Last year, Haiti was devastated by four hurricanes in as many weeks, killing 1,000 people and leaving 800,000 homeless. Hundreds died in the town of Gonaives after many houses were completely submerged in water.
The last time I was here was just days after the disaster; flying into Gonaives, all I could see was water. This time things were different. The town was covered in towering piles of mud which the morning sun burned off into choking dust.
This white fug bleached Gonaives of colour and added to the continuing misery of so many here.
"I haven't been able to go back to my home yet," one woman told me. "I can't even get inside yet because the mud around it hasn't been cleaned away. It's still full of mud inside too."
A lot of time has passed and people seem to have forgotten about this area. Yet so many families need help.
Piles of soil, some more than three metres high, surrounded homes in parts of the town like fortified walls. These keep people out of their houses, where once they trapped them in.
At the town's hospital, long lines of women with small children, many of them looking emaciated, bear witness to the hurricanes' baleful legacy.
With only 2% of the country's forests left, top soil containing vital nutrients were washed away by the floods and crops have suffered, leaving many children malnourished in this, the poorest country in the western hemisphere.
The stark nature of the problem was brought home to me by a nurse, Natasha D'Jmbahteist: "Some of the children who come here now are in such a bad way that there is little we can do for them," she said. "They don't respond to treatment, so we have to send them away. And it breaks our hearts to do this."
"Waiting for God to advise"
On the main road just outside of Gonaives there is a large lake which stretches to the mountains in the far distance. Just a few months ago this huge body of water was farmland.
The people who lived on this underwater land now crowd together in lines of flimsy wood and canvas huts in one of two camps here for those made homeless by the hurricanes. This area, surrounded by flood waters, is known locally as the "desolate savannah".
Drying in the sun the mud creates dust clouds that choke the region
Justine, a elderly grandmother, stares at the ground as she talks. "The floods washed my pregnant daughter away, my husband also died, and our house was destroyed. I am always thinking of what I have lost, the children who have died in my hands."
And, standing by himself, at the back of the crowd around me, is a teenage boy in torn, threadbare clothes. Fifteen-year-old James Poule is still coming to terms with what happened one night last year: "I woke to find water pouring over my bed in the darkness. My clothes had all been washed away, along with everything I had.
"A little later my mother drowned. I was at the top of the house, and she was in the floor below and she couldn't climb up, so the water just washed her away. At least I was able to help save the lives of my two little brothers.
"I have absolutely nothing. I have no clothes, I don't even have any shoes. And I cannot go to school.
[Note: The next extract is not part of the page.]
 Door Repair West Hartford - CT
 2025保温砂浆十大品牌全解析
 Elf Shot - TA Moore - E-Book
I just sit around here waiting for God to advise me."
"Relocation is not an option"
All around me on a parched barren hill towering over Gonaives, hundreds of local people are gouging out terraces in the rocky soil, doing their bit to stop the town flooding again.
In addition to this food-for-work scheme run by the UN's World Food Programme, the nearby river Cant has been dredged to help prevent it bursting its banks and an emergency shelter for 2,500 people is under construction.
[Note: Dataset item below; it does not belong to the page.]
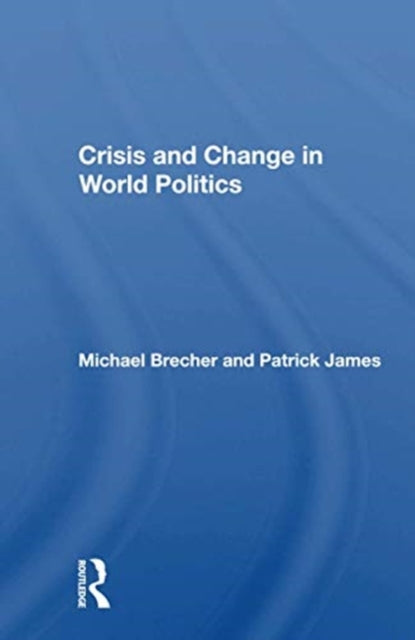 Book cover of: Crisis And Change In World Politics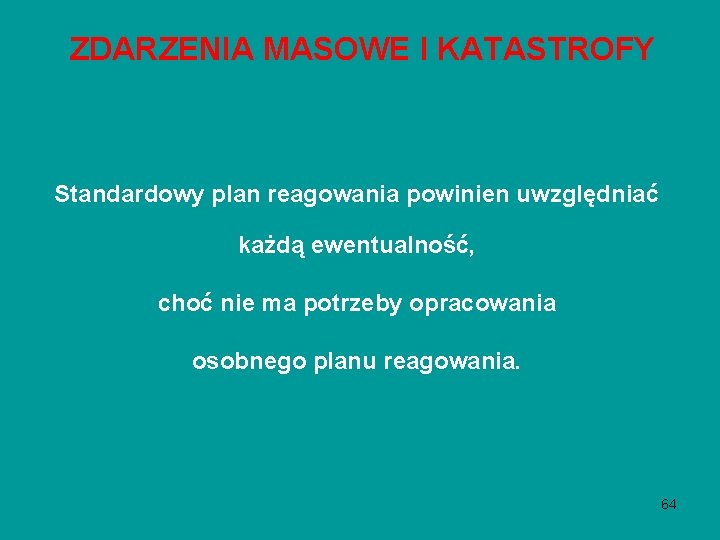 ZDARZENIA MASOWE I KATASTROFY Standardowy plan reagowania powinien uwzględniać każdą ewentualność, choć nie ma ZDARZENIA MASOWE I KATASTROFY Standardowy plan reagowania powinien uwzględniać każdą ewentualność, choć nie ma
But, despite these relief efforts, some in Gonaives say the local authorities are doing next to nothing to help them.
"Maybe there are certain sectors which are not happy with what's been done," says the town's mayor, Stephan Maurice. "But from my personal opinion, I'm not saying it's perfect. I'm saying there is a certain calm and activity has resumed."
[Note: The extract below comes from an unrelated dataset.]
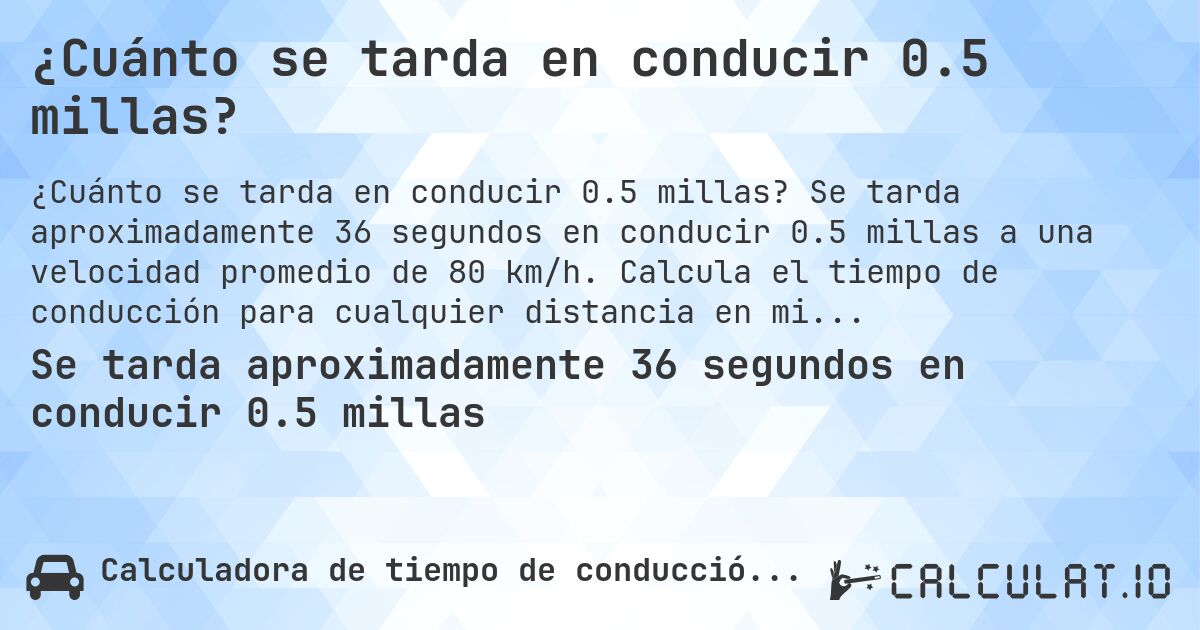 ¿Cuánto se tarda en conducir 0.5 millas?. Se tarda aproximadamente 36 segundos en conducir 0.5 millas a una velocidad promedio de 80 km/h. Calcula el tiempo de conducción para cualquier distancia en millas.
Many of the town's children are ill and malnourished
When I was last here, much of the city was submerged in metres of water. There was talk of moving Gonaives - or at least parts of it - on the grounds that, built on a flood plain, it's only a matter of time before it is swamped again.
So, why is this not being done? The UN Secretary General's Special Representative in Haiti, Hedi Annabi, told me this was a valid question: "But I was told by senior Haitian officials that this is the city where the independence was proclaimed. It has such a high symbolic city for the Haitians, that relocating the city is not an option."
Meanwhile, with this year's hurricane season continuing, grandmother Justine stares in trepidation at the stormy skies above.
Given the constant threat posed by yet more deadly winds, how long, I ask her, does she expect to stay in this ramshackle camp, besieged by flood waters and terrible memories?
"Forever, forever, until the day that death comes to me. Maybe the waters will rise again soon. We never know when we are going to die."